2

I have installed spark 2.0 on EC2 & I am using SparkSQL using Scala to retrieve records from DB2 & I want to write to S3, where I am passing access keys to the Spark Context..Following is my code :

val df = sqlContext.read.format("jdbc").options(Map( "url" -> , "user" -> usernmae, "password" -> password, "dbtable" -> tablename, "driver" -> "com.ibm.db2.jcc.DB2Driver")).option("query", "SELECT * from tablename limit 10").load()
df.write.save("s3n://data-analytics/spark-db2/data.csv")

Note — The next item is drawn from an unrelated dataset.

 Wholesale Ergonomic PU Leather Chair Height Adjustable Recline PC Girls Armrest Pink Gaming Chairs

And it is throwing following exception :

org.apache.hadoop.fs.s3.S3Exception: org.jets3t.service.S3ServiceException: Service Error Message. -- ResponseCode: 403, ResponseStatus: Forbidden, XML Error Message: <?xml version="1.0" encoding="UTF-8"?><Error><Code>AccessDenied</Code><Message>Access Denied</Message><RequestId>1E77C38FA2DB34DA</RequestId><HostId>V4O9sdlbHwfXNFtoQ+Y1XYiPvIL2nTs2PIye5JBqiskMW60yDhHhnBoCHPDxLnTPFuzyKGh1gvM=</HostId></Error>
Caused by: org.jets3t.service.S3ServiceException: Service Error Message.
  at org.jets3t.service.S3Service.putObject(S3Service.java:2358)
  at org.apache.hadoop.fs.s3native.Jets3tNativeFileSystemStore.storeEmptyFile(Jets3tNativeFileSystemStore.java:162)

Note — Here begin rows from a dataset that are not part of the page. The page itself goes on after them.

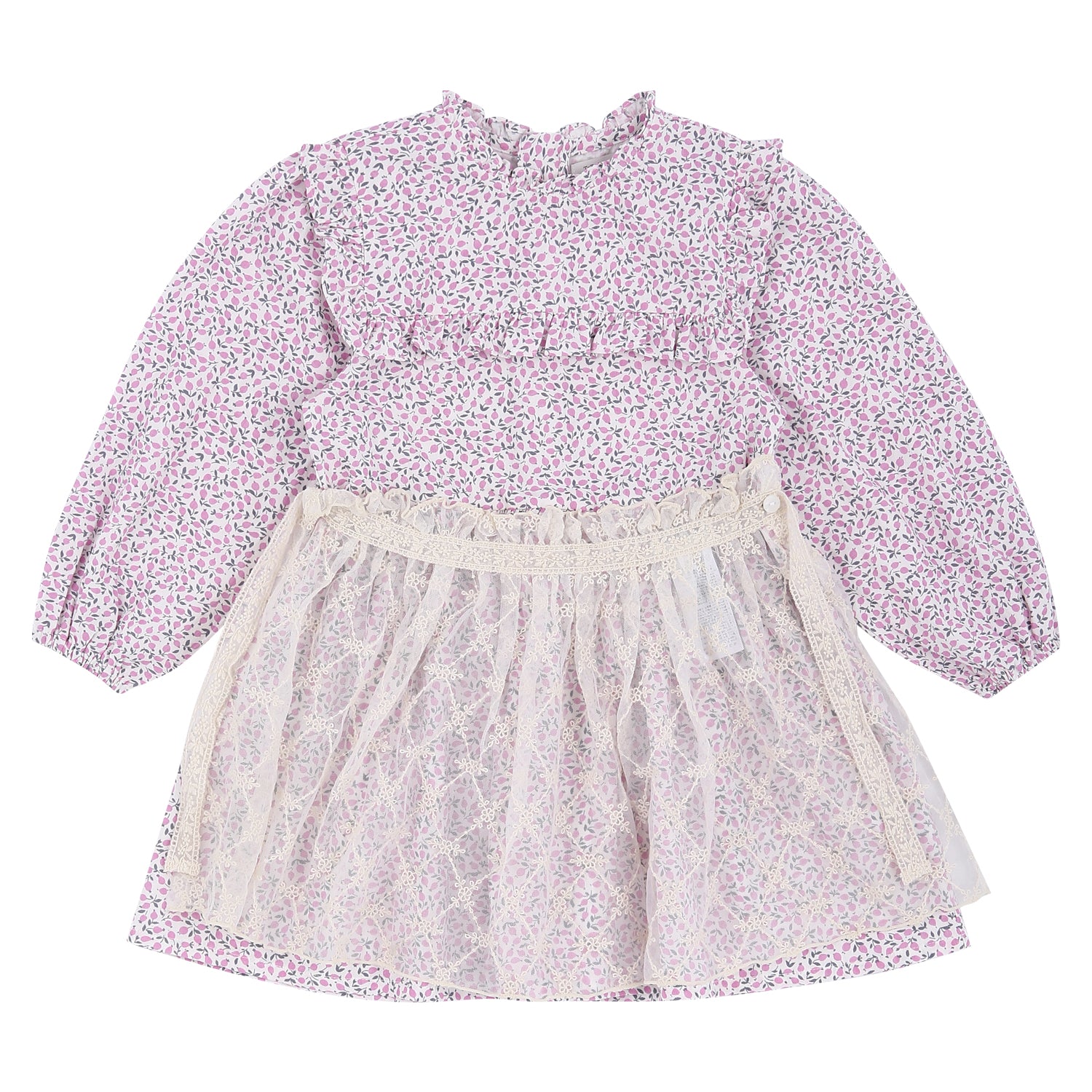 Floral Print Lace Apron Dress-Dress - Kids-ToTo Heros-ToTo Heros Premium Children's Clothing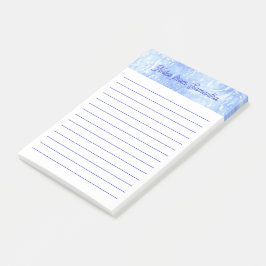 Gepersonaliseerde Blauw-Wit Abstracte Post it Note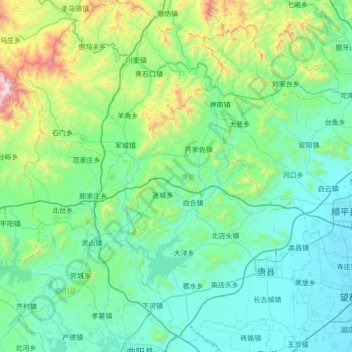 Mappa topografica 唐县, altitudine, rilievo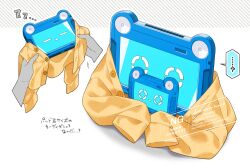  akai_ramu buttons classicaloid highres holding holding_tablet_pc no_humans object_focus orange_shirt pad-kun_(classicaloid) shirt simple_background speech_bubble tablet_pc translation_request watermark white_background zzz 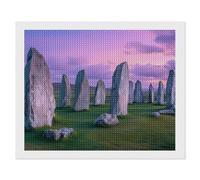 The Ancient Stone Circle of Callanish Islands Diamond DIY Painting Kits Horizontal Round Full Drill Digital Art Craft for Home Office Wall Decor 16"x20"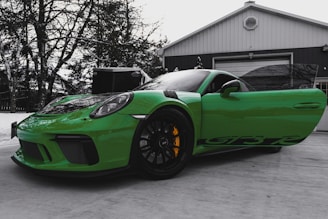A vibrant green sports car with distinctive black accents is parked on a concrete surface in front of a garage. The car has its driver's side door open, revealing part of the interior. Yellow brake calipers stand out against the black rims. Bare trees and a snow-covered environment can be seen in the background, suggesting a cold weather setting.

What is the exact problem occurring here as I am passing the Access Keys also to Sparkcontext ?? Any other way to write to S3??

Akki
  • 493
  • 1
  • 11
  • 23
  • From the message Access Denied It may be user does not have sufficient privileges http://docs.aws.amazon.com/redshift/latest/dg/s3serviceexception-error.html – giaosudau Sep 01 '16 at 14:40

3 Answers3

3

After you get your keys, this is how to write out to s3 in scala/spark2 on s3n.

spark.sparkContext.hadoopConfiguration.set("fs.s3n.awsAccessKeyId", "[access key]")
spark.sparkContext.hadoopConfiguration.set("fs.s3n.awsSecretAccessKey", "[secret key]")
spark.sparkContext.hadoopConfiguration.set("fs.s3n.impl", "org.apache.hadoop.fs.s3native.NativeS3FileSystem")

df.write
.mode("overwrite")
.parquet("s3n://bucket/folder/parquet/myFile")

This is how to do it with s3a, which is preferred.

spark.sparkContext.hadoopConfiguration.set("fs.s3a.access.key", "[access key]")
spark.sparkContext.hadoopConfiguration.set("fs.s3a.secret.key", "[secret key]")
spark.sparkContext.hadoopConfiguration.set("fs.s3a.impl", "org.apache.hadoop.fs.s3a.S3AFileSystem")

df.write
.mode("overwrite")
.parquet("s3a://bucket/folder/parquet/myFile")

See this post to understand the differences between s3, s3n, and s3a.

Tony Fraser
  • 727
  • 7
  • 14
  • With pySpark on EMR, I get `'SparkContext' object has no attribute 'hadoopConfiguration'` – wordsforthewise Feb 20 '20 at 19:41
  • That's scala code and the original question was scala, but it's pretty similar in concept in pyspark. You get the context object and then you set the keys. Seems to be discussed similarly here for pyspark: https://stackoverflow.com/questions/32155617/connect-to-s3-data-from-pyspark – Tony Fraser Feb 21 '20 at 20:07
  • Right, I found the difference afterwards. I was using pySpark, and the syntax is more like `sc._jdc.HadoopConfiguration().set()` – wordsforthewise Feb 21 '20 at 23:50
0

When you create an EC2 instance or an EMR cluster on AWS, you have the option during the creation process to attach an IAM role to that instance or cluster.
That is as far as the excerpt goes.